Below are some records; retype all of them exactly.

(INFORMATION SHOWN Opens)

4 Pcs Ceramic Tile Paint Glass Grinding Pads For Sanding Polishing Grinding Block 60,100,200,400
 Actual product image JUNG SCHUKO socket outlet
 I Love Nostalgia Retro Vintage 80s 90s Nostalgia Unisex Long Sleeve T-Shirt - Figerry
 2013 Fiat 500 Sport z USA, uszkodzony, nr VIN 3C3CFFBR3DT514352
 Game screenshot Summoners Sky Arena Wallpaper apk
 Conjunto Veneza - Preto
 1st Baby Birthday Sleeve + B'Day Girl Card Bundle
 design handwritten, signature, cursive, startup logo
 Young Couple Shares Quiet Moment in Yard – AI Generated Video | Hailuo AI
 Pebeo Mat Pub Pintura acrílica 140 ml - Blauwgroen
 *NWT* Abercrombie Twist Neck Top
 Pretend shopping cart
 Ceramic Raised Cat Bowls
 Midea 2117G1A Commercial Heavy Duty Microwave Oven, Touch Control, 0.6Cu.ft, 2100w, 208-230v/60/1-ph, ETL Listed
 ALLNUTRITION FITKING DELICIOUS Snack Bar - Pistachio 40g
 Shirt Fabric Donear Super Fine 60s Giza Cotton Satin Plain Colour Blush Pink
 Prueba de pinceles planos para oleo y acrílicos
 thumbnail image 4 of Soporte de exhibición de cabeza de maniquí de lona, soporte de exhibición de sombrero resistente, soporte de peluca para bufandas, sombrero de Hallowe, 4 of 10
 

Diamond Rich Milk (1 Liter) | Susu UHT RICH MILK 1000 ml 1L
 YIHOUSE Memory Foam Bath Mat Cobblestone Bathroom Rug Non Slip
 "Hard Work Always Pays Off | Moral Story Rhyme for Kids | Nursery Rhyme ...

(INFORMATION SHOWN Closes)

* [ANSWER SPACE]
4 Pcs Ceramic Tile Paint Glass Grinding Pads For Sanding Polishing Grinding Block 60,100,200,400
 Actual product image JUNG SCHUKO socket outlet
 I Love Nostalgia Retro Vintage 80s 90s Nostalgia Unisex Long Sleeve T-Shirt - Figerry
 2013 Fiat 500 Sport z USA, uszkodzony, nr VIN 3C3CFFBR3DT514352
 Game screenshot Summoners Sky Arena Wallpaper apk
 Conjunto Veneza - Preto
 1st Baby Birthday Sleeve + B'Day Girl Card Bundle
 design handwritten, signature, cursive, startup logo
 Young Couple Shares Quiet Moment in Yard – AI Generated Video | Hailuo AI
 Pebeo Mat Pub Pintura acrílica 140 ml - Blauwgroen
 *NWT* Abercrombie Twist Neck Top
 Pretend shopping cart
 Ceramic Raised Cat Bowls
 Midea 2117G1A Commercial Heavy Duty Microwave Oven, Touch Control, 0.6Cu.ft, 2100w, 208-230v/60/1-ph, ETL Listed
 ALLNUTRITION FITKING DELICIOUS Snack Bar - Pistachio 40g
 Shirt Fabric Donear Super Fine 60s Giza Cotton Satin Plain Colour Blush Pink
 Prueba de pinceles planos para oleo y acrílicos
 thumbnail image 4 of Soporte de exhibición de cabeza de maniquí de lona, soporte de exhibición de sombrero resistente, soporte de peluca para bufandas, sombrero de Hallowe, 4 of 10
 

Diamond Rich Milk (1 Liter) | Susu UHT RICH MILK 1000 ml 1L
 YIHOUSE Memory Foam Bath Mat Cobblestone Bathroom Rug Non Slip
 "Hard Work Always Pays Off | Moral Story Rhyme for Kids | Nursery Rhyme ...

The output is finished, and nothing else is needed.